Primarily, I would like to thank Jessica Watts for her years-long commitment to getting us to this day.

Next, I would like to thank the entire Quality Control Team for their tireless days and sometimes nights working to get this proposal before the Board today. This includes from the Office of the Chief Auditor: Linnette Klinedinst, Ekaterina Dizna, Sky Simms and Karen Wiedemann; and from the Office of Economic and Risk Analysis: Nick Galunic, and Dylan (pronounced Die-lan) Rassier; and from the Office of General Counsel: Jennifer Williams, Drew Dropkin, Connor Raso, and Jayme Herschkopf.

Thank you, and I am pleased to support this proposal.

1 In May 1996, the AICPA’s Auditing Standards Board issued two new standards to replace SQCS No.1, Statement on Quality Control Standards No. 2, System of Quality Control For a CPA Firm’s Accounting and Auditing Practice, and SQCS No. 3, Monitoring a CPA Firm’s Accounting and Auditing Practice (effective January 1997):  QC20:  System of Quality Control for a CPA Firm’s Accounting and Auditing Practice; QC30:  Monitoring a CPA Firm’s Accounting and Auditing Practice, and QC40:  The Personnel Management Element of a Firm’s System of Quality Control.

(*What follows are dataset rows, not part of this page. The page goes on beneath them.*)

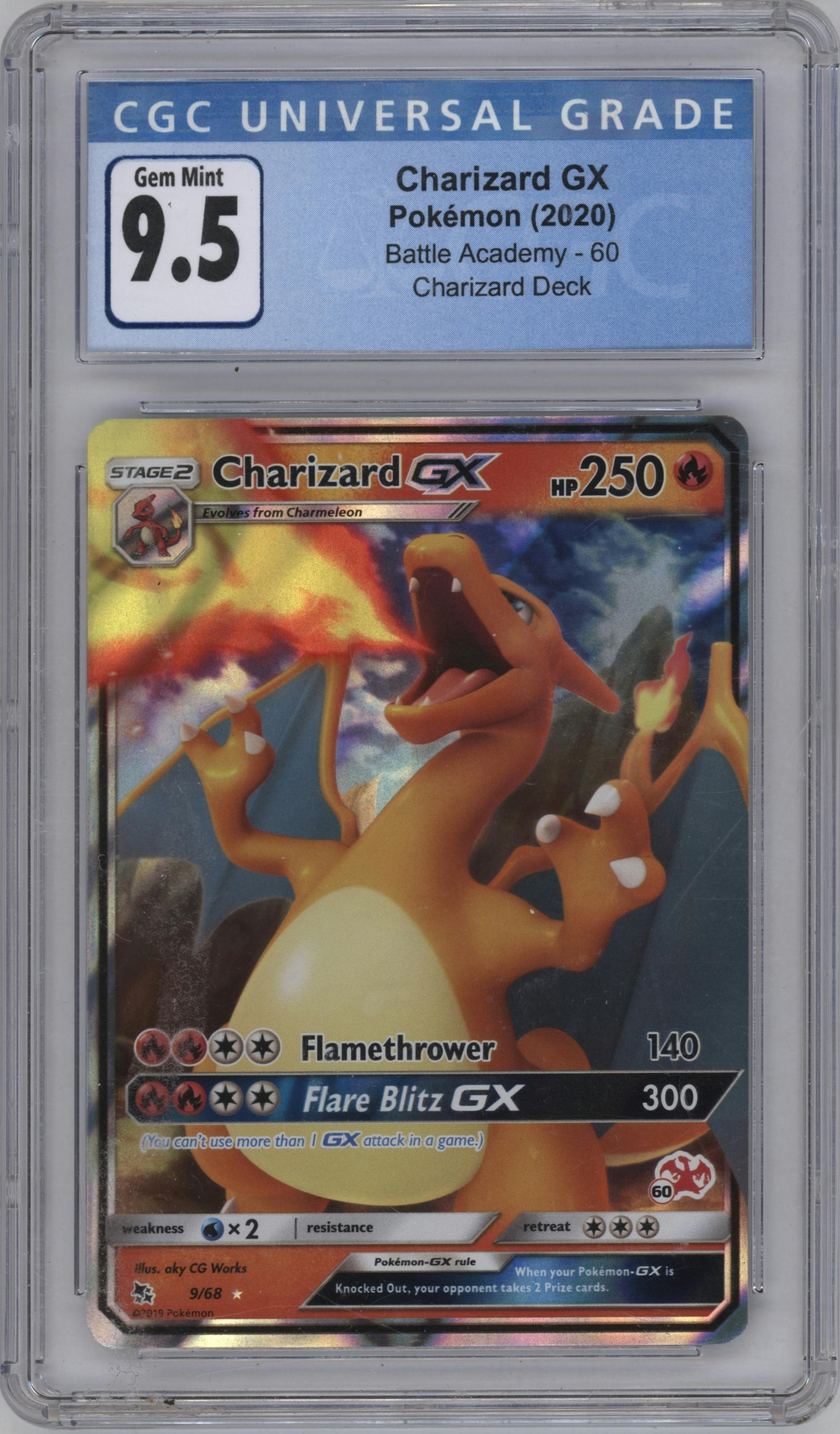 Charizard GX
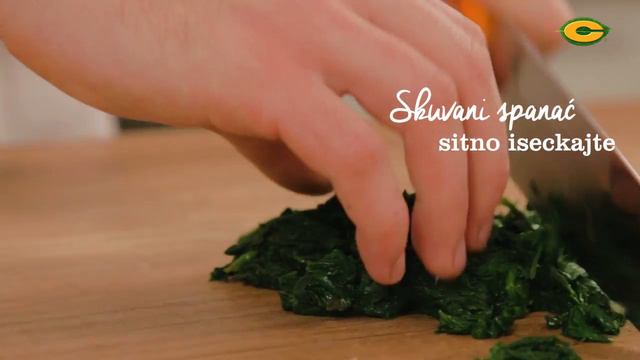 Mimoza salata sa spanaćem - Moj recept! смотреть онлайн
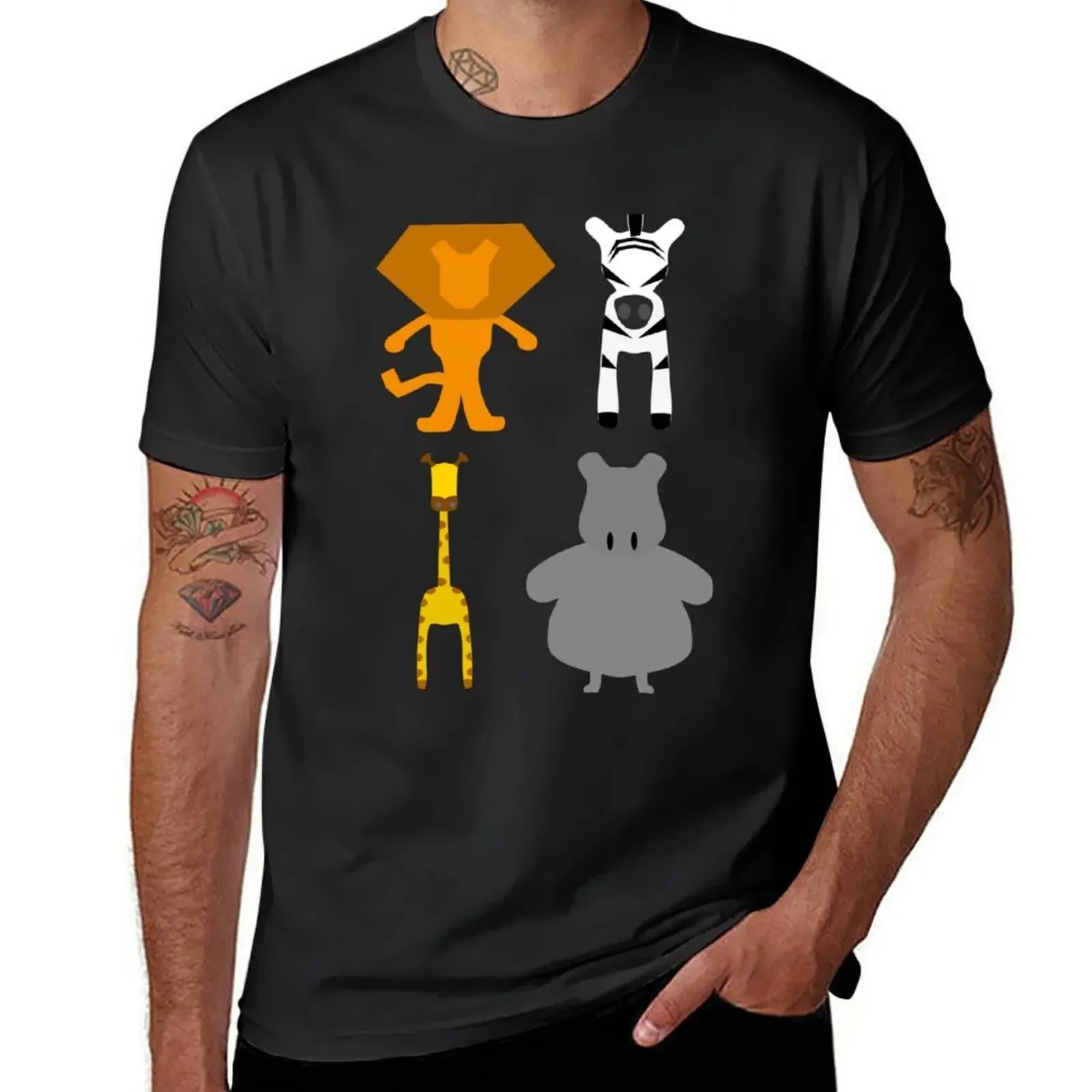 Traveling Buddies T-Shirt oversized graphic tee cotton graphic tees anime tshirt animal prinfor boys anime shirts men
Traveling Buddies T-Shirt oversized graphic tee cotton graphic tees anime tshirt animal prinfor boys anime shirts men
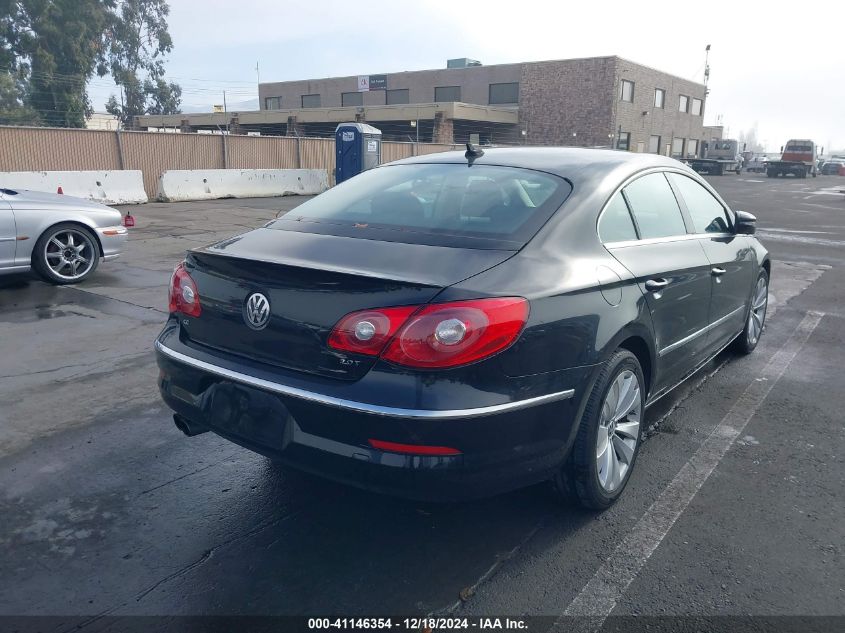 2012 Volkswagen Cc Sport VIN: WVWMP7AN3CE538053 Lot: 41146354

2 Qualifications of auditors included “tact, caution, firmness, fairness, good temper, courage, integrity, discretion, industry, judgment, patience, clear-headedness, and reliability,” Auditing: A Practical Manual for Auditors. (1905)

3 Originally formed in 1985, COSO is a joint initiative of five private-sector organizations and is dedicated to providing thought leadership through the development of frameworks and guidance on enterprise risk management, internal control, and fraud deterrence. COSO’s supporting organizations are the Institute of Internal Auditors, the American Accounting Association, the American Institute of Certified Public Accountants, Financial Executives International and the Institute of Management Accountants.